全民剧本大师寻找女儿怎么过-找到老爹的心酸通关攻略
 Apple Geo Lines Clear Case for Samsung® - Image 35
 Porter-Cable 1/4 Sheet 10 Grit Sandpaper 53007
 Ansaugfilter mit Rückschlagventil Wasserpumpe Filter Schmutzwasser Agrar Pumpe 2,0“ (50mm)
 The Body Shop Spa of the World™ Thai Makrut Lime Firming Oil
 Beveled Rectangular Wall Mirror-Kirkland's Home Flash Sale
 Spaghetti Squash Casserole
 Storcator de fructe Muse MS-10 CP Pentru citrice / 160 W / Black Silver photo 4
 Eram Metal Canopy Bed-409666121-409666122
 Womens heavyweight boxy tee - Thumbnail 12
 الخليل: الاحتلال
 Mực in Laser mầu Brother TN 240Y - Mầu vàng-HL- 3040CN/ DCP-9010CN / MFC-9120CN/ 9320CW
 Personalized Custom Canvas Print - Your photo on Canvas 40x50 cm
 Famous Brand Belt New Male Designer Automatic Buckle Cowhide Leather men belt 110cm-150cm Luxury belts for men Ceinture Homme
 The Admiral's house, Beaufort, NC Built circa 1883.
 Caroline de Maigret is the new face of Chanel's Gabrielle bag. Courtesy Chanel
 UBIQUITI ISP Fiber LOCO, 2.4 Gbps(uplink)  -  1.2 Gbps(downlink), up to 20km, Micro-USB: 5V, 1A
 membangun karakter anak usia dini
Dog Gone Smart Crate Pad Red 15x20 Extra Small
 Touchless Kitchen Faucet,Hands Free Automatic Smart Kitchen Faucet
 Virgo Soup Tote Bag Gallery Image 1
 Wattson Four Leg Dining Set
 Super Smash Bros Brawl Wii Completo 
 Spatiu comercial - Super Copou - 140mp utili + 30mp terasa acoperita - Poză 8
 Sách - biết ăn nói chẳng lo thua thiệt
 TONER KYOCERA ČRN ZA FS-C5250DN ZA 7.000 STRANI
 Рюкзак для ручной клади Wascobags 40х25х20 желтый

=======

Print nothing but the lines from the line with "Virgo Soup Tote Bag Gallery Image 1" to the last line of the records above. Both of those lines count.

 Virgo Soup Tote Bag Gallery Image 1
 Wattson Four Leg Dining Set
 Super Smash Bros Brawl Wii Completo 
 Spatiu comercial - Super Copou - 140mp utili + 30mp terasa acoperita - Poză 8
 Sách - biết ăn nói chẳng lo thua thiệt
 TONER KYOCERA ČRN ZA FS-C5250DN ZA 7.000 STRANI
 Рюкзак для ручной клади Wascobags 40х25х20 желтый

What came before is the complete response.